Le Centre est d’ailleurs toujours au plein de ses capacités ; voire au-delà. Mariame Sidibe raconte que leur capacité de 66 personnes est en ce moment dépassée et qu’ils hébergent à ce jour 71 petites. Ils ont en effet accueilli 8 fillettes de 4 à 14 ans, dont les pères respectifs étaient des militaires récemment morts au combat. Pour beaucoup de ces épouses, souvent jeunes, ce drame familial entraine le retour en province, dans leur famille ou une famille d’accueil, et la misère presque garantie. Mariame n’a pas hésité longtemps : à la demande des mamans en détresse, elle a récupéré les fillettes qui semblaient dans la situation la plus difficile et les a intégrées au Centre : on se serre un peu plus, les plus jeunes dorment à deux dans le même lit, mais l’équipage tient bon. Mama (c’est son surnom) est la cadette de ce nouveau contingent. Haute comme trois pommes, ne tenant pas en place, elle ne peut passer inaperçue. Le visage rond, les grands yeux en mouvement, coiffée d’un foulard aux couleurs passées lui donnant l’air d’une pieuse Hadja, elle va de l’un à l’autre en bavardant sans cesse. Sans s’effaroucher, elle me raconte une histoire que je ne comprends pas mais qui a l’air d’être passionnante. Puis, jugeant sans doute vexant mon silence prolongé, elle repart prestement et va s’assoir au premier rang, les bras croisés, sûre d’être à sa place..

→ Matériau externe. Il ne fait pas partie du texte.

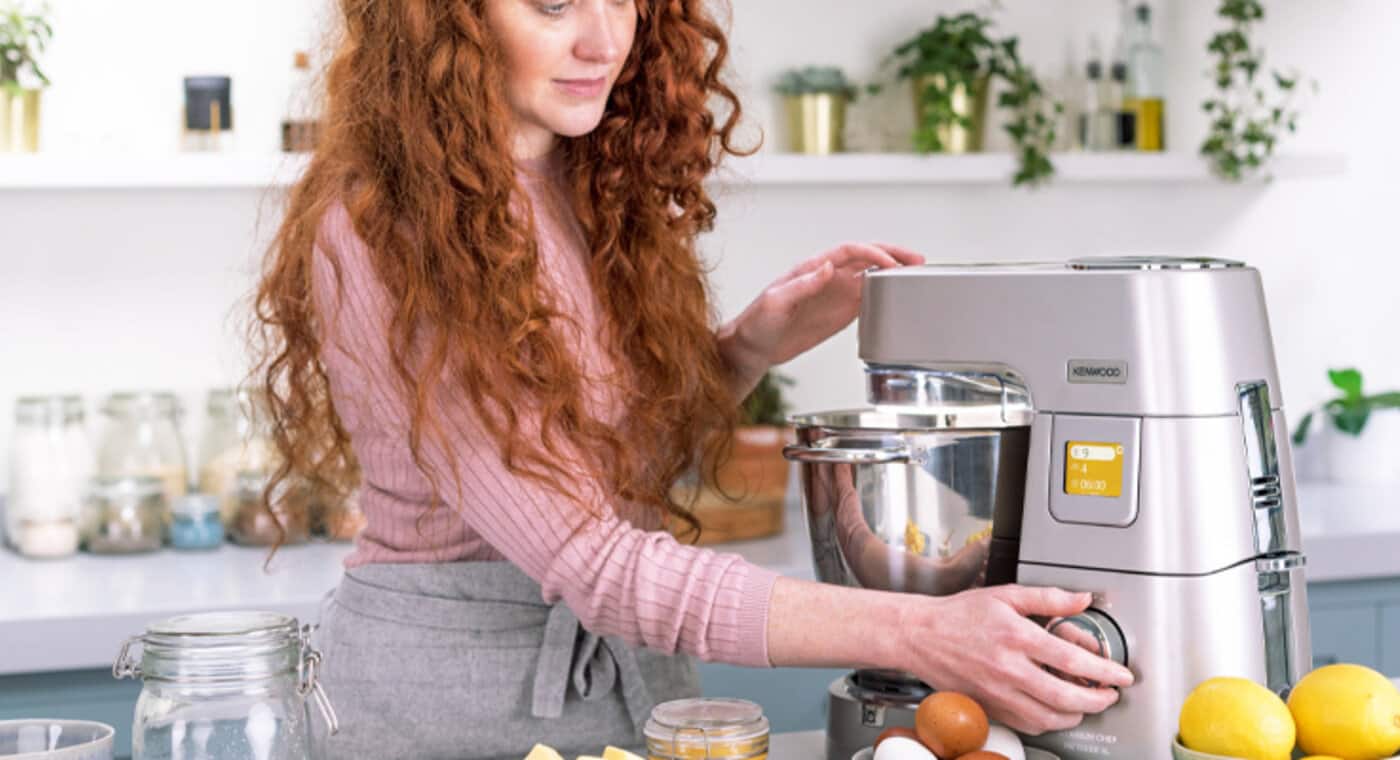 KW Article_guide to Stand Mixers_Desktop_3.jpg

Comme s’ils n’attendaient qu’elle, les livreurs arrivent et commencent à étaler les sacs de riz, de sucre, de poudre de lait qui vont alimenter le Centre pour toute l‘année. Les fillettes s’animent un peu puis viennent s’attrouper autour des sacs de marchandise. Pas de grands discours ni de cérémonial car nous sommes en famille. Seulement quelques photos souvenirs pour garder des traces de ce bon moment. Au vu des regards envieux des badauds qui s’agglutinent à l’entrée, une évidence s’impose : grâce à la discipline collective, le quotidien est finalement mieux assuré pour les pensionnaires que pour les groupes les plus défavorisés de ce quartier de Bamako et les fillettes sont mieux protégées que les nombreux enfants de la rue qui jouent sans s’amuser.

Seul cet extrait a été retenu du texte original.